**Task description**
Your output must be the lines below from the line containing "Soporte para Barras" to the line containing "Vintage Siesta Ware", both lines included, reproduced exactly and without pictures.

**Input data**
---*---
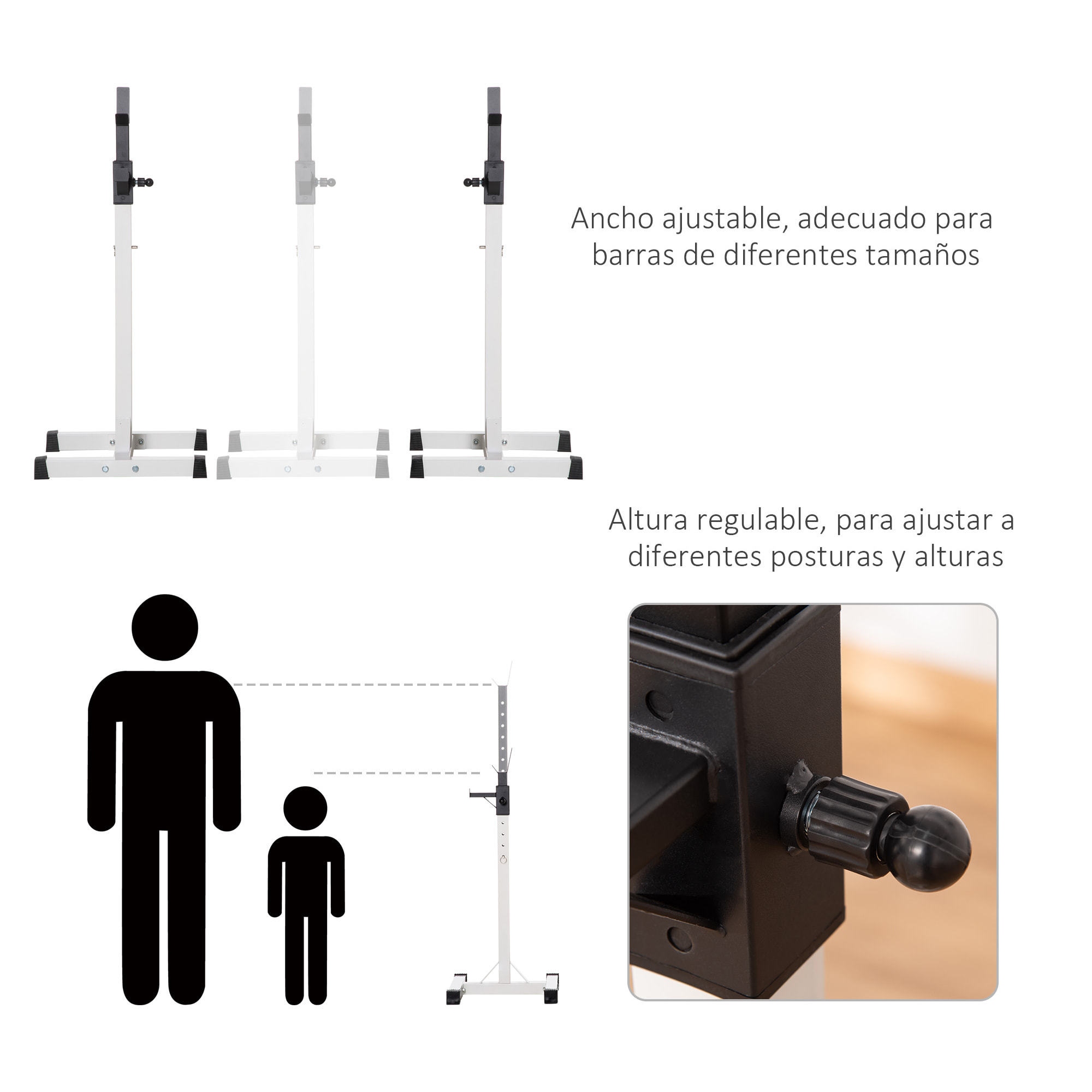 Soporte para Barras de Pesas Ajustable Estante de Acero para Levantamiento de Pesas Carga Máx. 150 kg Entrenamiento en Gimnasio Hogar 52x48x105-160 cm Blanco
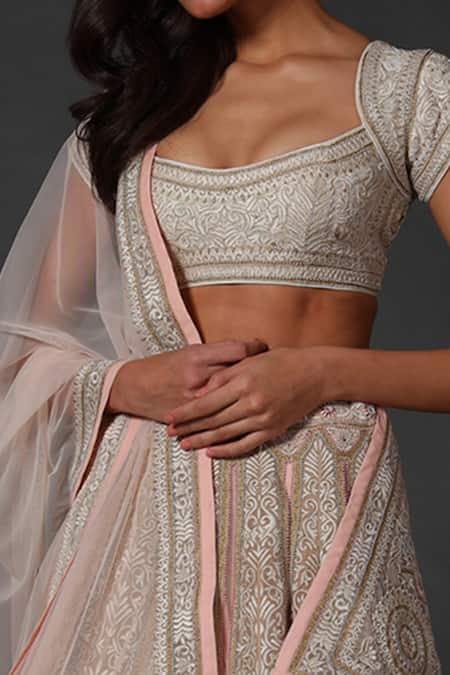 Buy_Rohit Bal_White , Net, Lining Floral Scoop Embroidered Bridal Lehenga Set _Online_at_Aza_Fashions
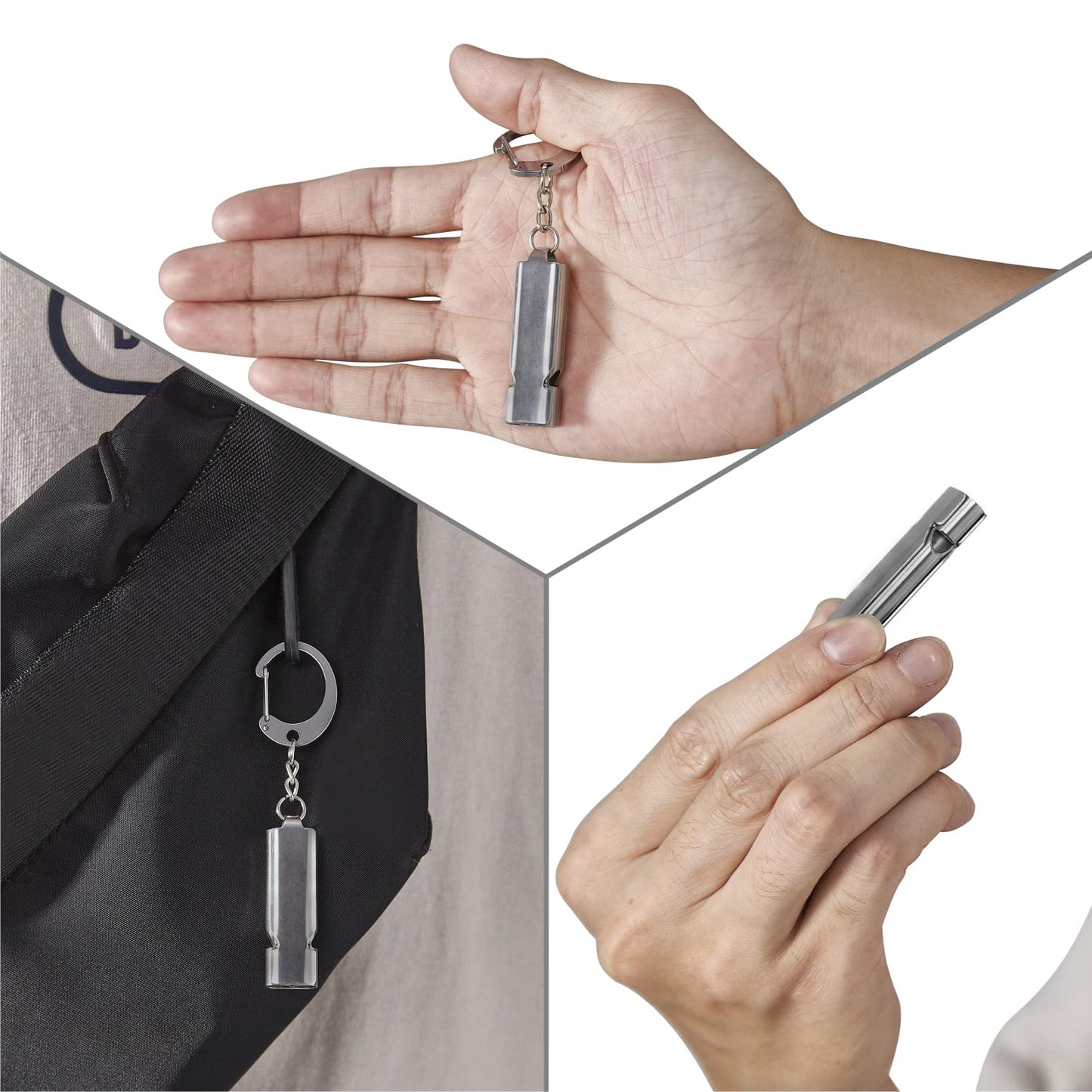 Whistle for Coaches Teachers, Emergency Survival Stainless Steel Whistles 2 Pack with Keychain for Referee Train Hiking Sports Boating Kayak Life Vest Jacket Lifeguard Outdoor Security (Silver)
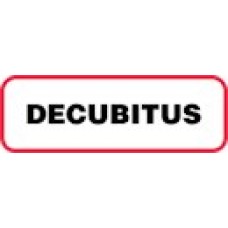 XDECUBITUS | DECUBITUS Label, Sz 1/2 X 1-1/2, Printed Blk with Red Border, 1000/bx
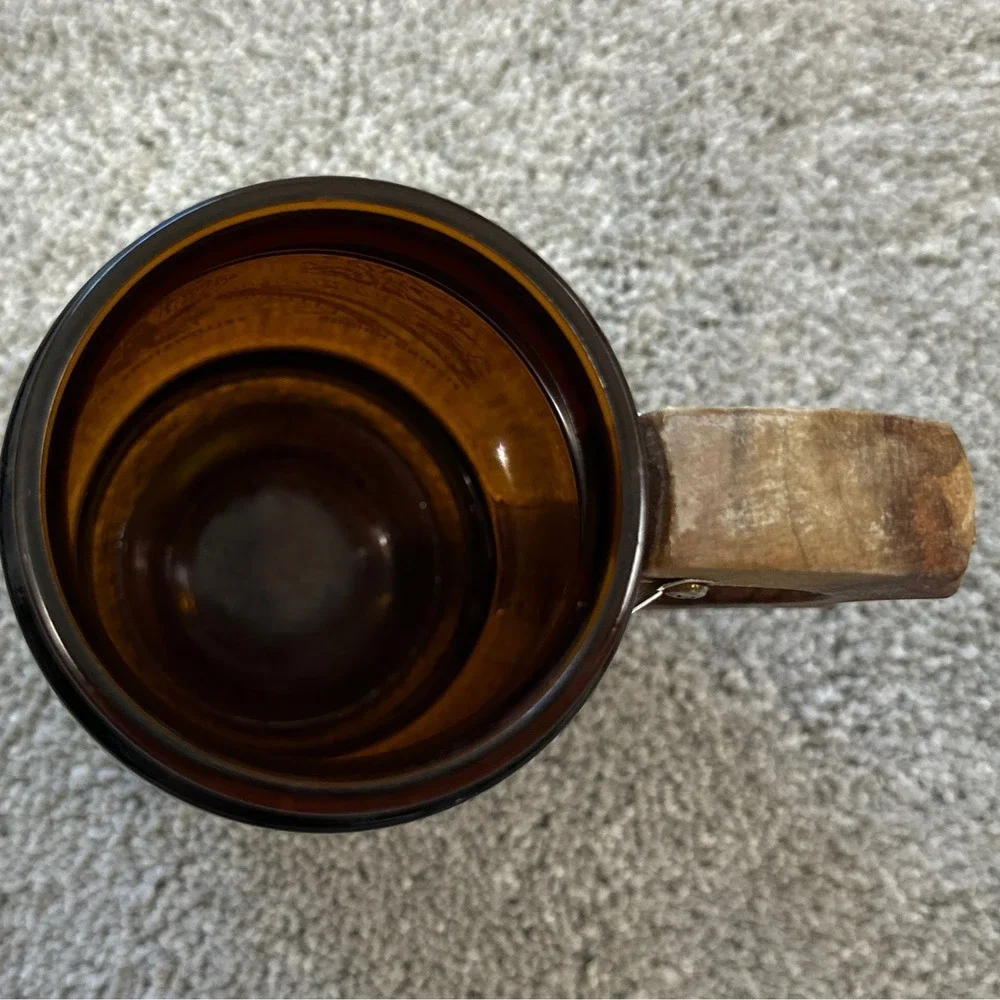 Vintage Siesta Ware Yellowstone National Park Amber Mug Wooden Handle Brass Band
---*---
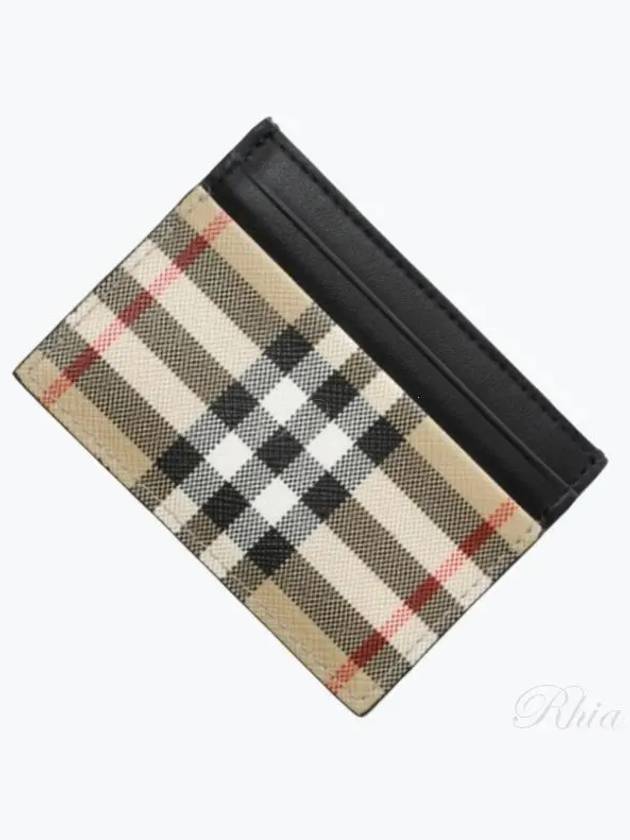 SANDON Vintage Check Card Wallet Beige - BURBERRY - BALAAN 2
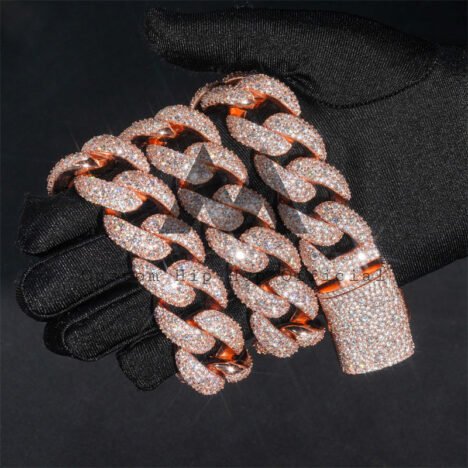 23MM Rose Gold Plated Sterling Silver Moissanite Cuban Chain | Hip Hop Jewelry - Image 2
---*---
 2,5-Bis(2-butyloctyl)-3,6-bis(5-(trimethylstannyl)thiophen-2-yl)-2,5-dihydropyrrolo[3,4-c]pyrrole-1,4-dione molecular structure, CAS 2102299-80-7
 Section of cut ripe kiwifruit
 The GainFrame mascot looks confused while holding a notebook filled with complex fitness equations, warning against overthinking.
---*---
**Exercise answer**
 Soporte para Barras de Pesas Ajustable Estante de Acero para Levantamiento de Pesas Carga Máx. 150 kg Entrenamiento en Gimnasio Hogar 52x48x105-160 cm Blanco
 Buy_Rohit Bal_White , Net, Lining Floral Scoop Embroidered Bridal Lehenga Set _Online_at_Aza_Fashions
 Whistle for Coaches Teachers, Emergency Survival Stainless Steel Whistles 2 Pack with Keychain for Referee Train Hiking Sports Boating Kayak Life Vest Jacket Lifeguard Outdoor Security (Silver)
 XDECUBITUS | DECUBITUS Label, Sz 1/2 X 1-1/2, Printed Blk with Red Border, 1000/bx
 Vintage Siesta Ware Yellowstone National Park Amber Mug Wooden Handle Brass Band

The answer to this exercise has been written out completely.